──────── RECORDS PROVIDED
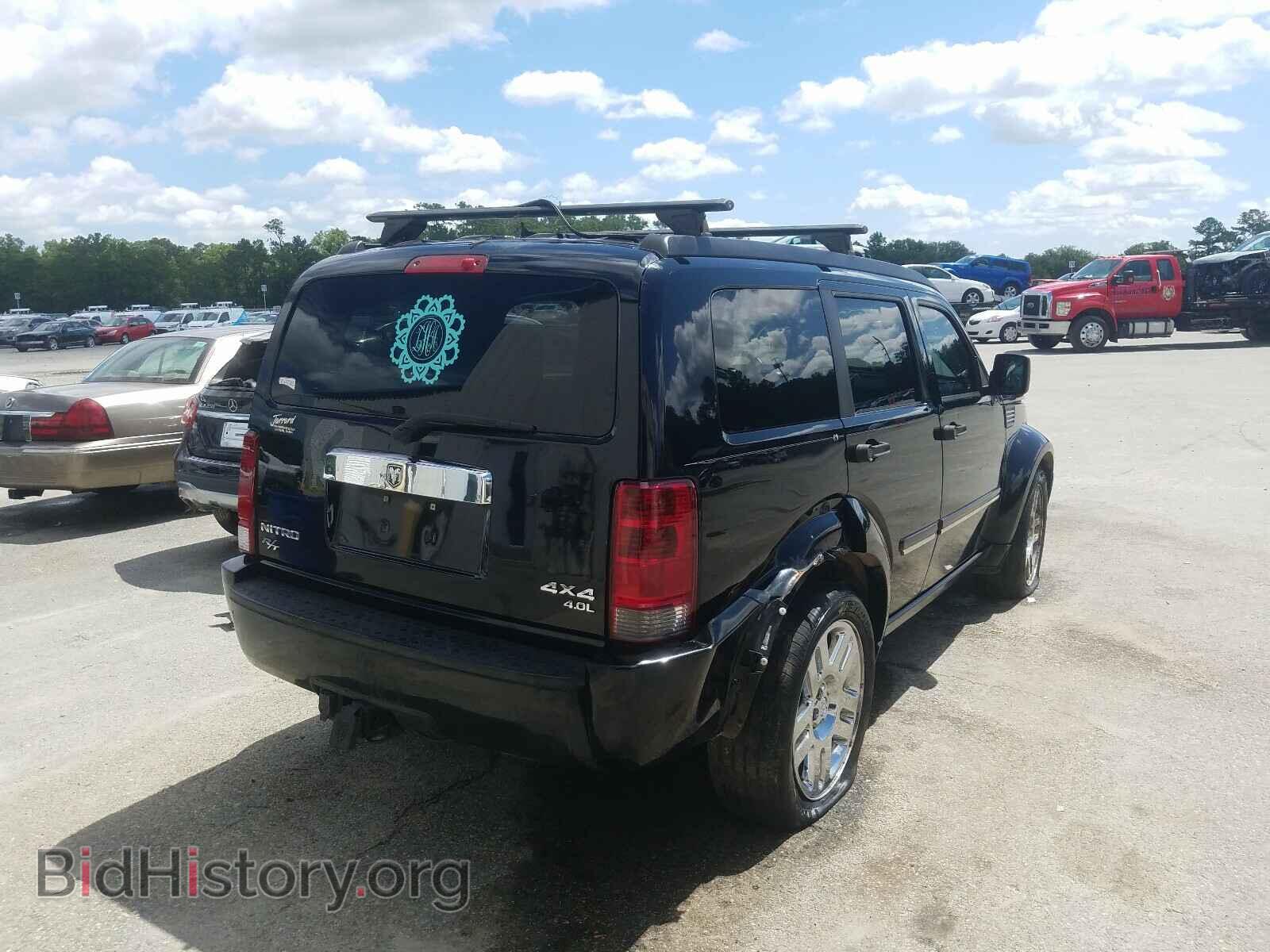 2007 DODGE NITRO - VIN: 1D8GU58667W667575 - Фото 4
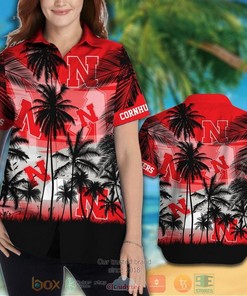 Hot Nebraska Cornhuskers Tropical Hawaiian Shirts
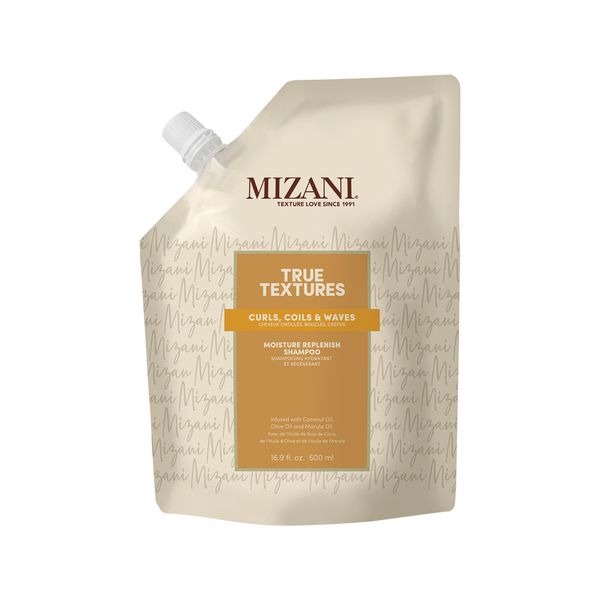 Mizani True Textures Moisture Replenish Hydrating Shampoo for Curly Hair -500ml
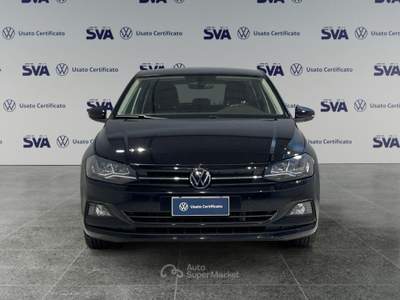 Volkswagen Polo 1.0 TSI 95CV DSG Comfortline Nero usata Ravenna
────────────────
──────── RECORDS PROVIDED
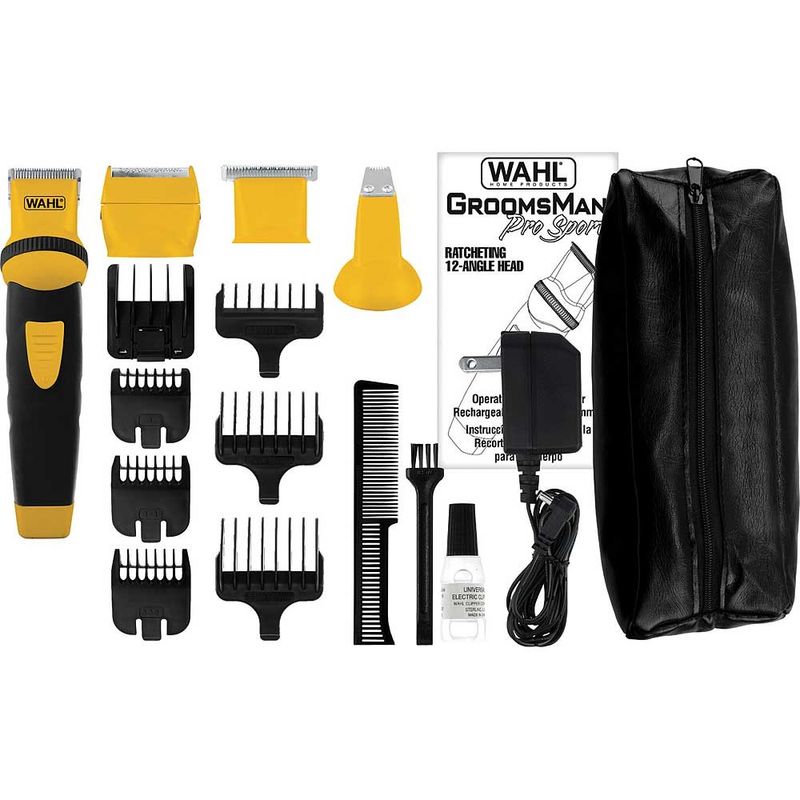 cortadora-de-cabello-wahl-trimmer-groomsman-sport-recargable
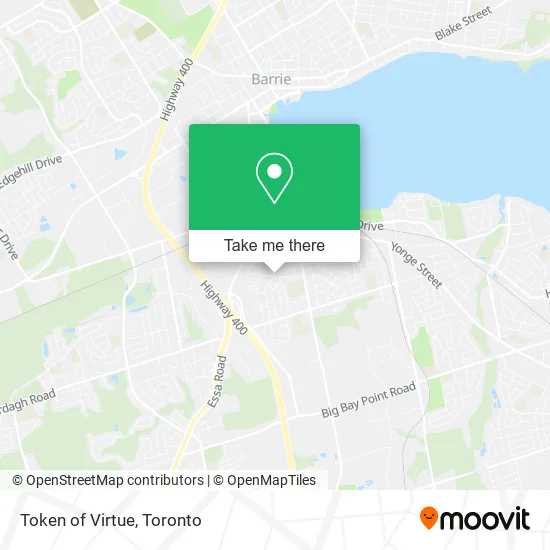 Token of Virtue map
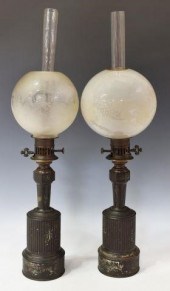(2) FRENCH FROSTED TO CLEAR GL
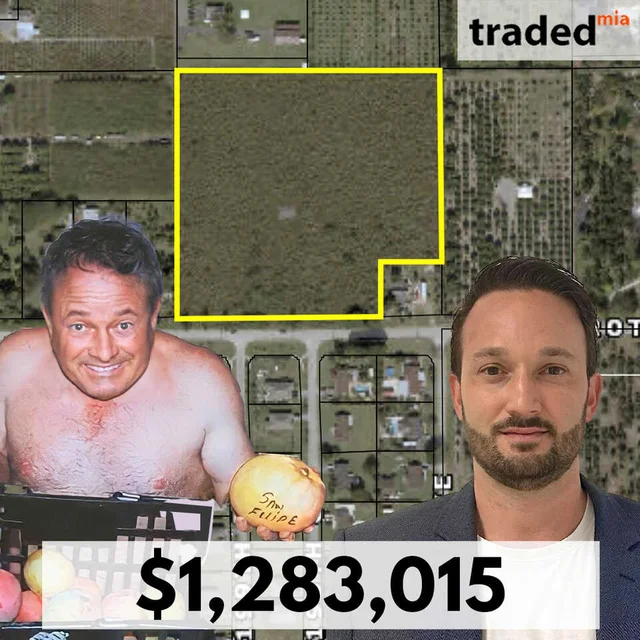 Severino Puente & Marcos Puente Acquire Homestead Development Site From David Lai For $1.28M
────────────────
──────── RECORDS PROVIDED
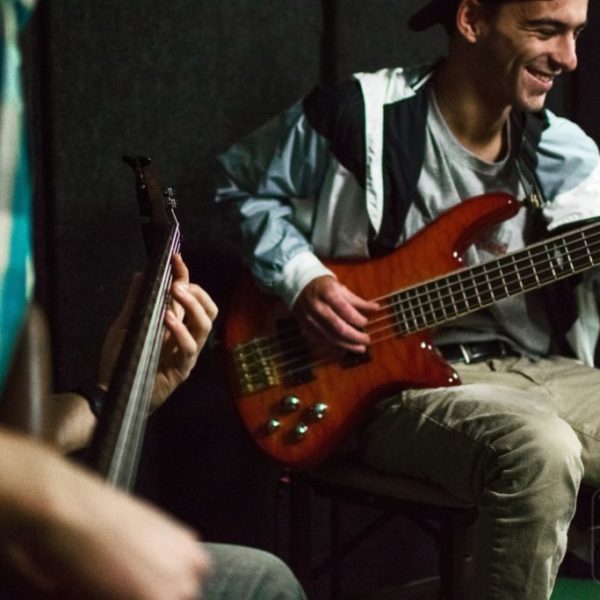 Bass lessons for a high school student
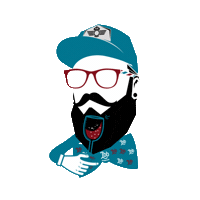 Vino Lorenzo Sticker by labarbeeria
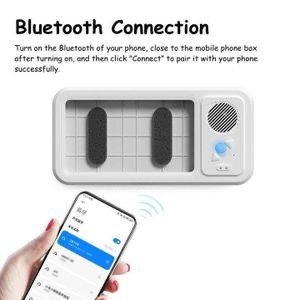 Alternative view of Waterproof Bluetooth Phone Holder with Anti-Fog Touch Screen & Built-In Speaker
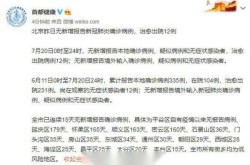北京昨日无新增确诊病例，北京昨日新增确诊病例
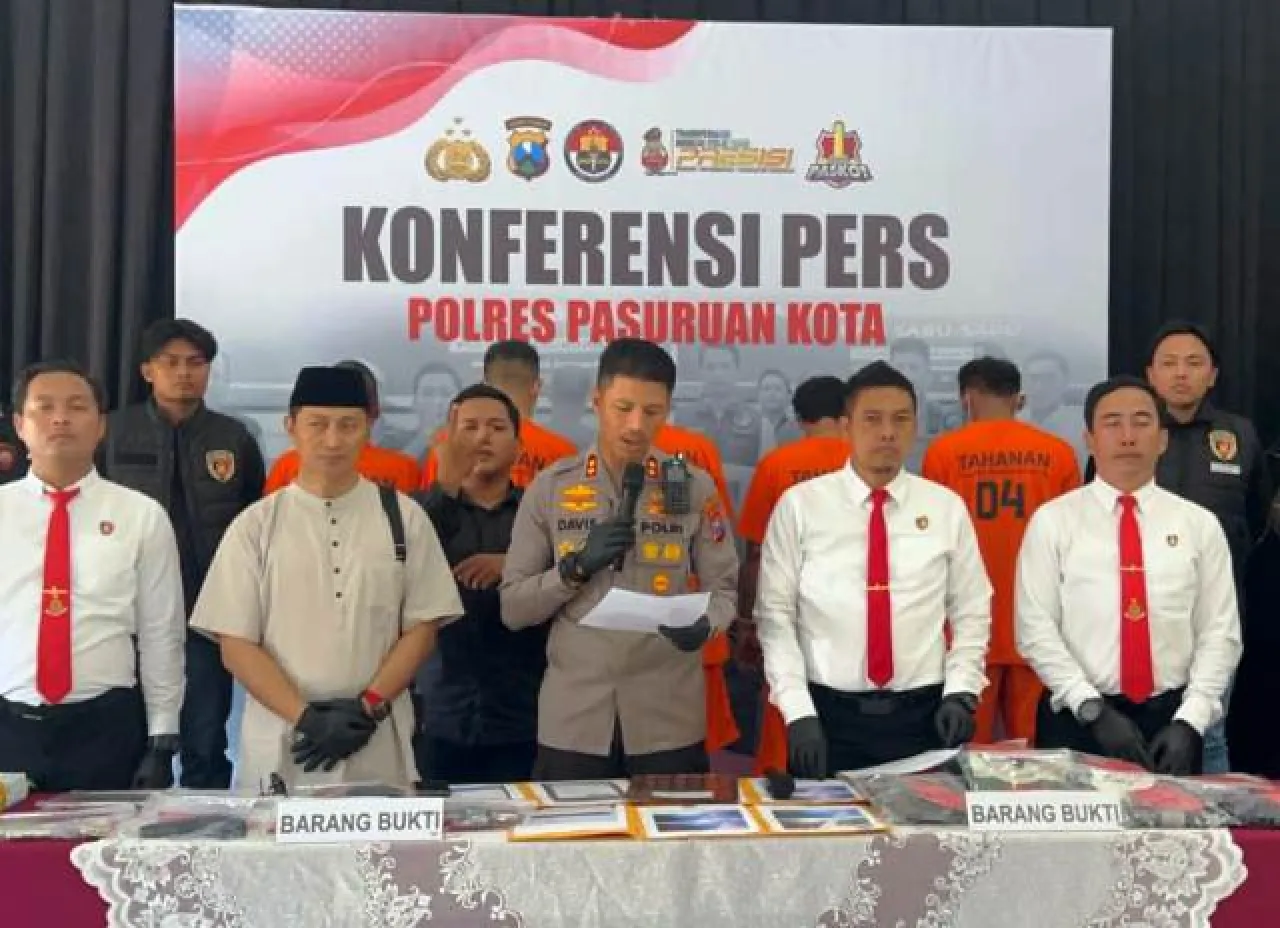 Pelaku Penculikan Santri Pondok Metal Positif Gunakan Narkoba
────────────────
• _EXERCISE REQUIREMENTS_
For this exercise, set down the lines in the entries above from the one with "(2) FRENCH FROSTED TO CLEAR GL" through the one with "Severino Puente &" exactly as written, without any pictures.

• _OUTPUT OF THE EXERCISE_
(2) FRENCH FROSTED TO CLEAR GL
 Severino Puente & Marcos Puente Acquire Homestead Development Site From David Lai For $1.28M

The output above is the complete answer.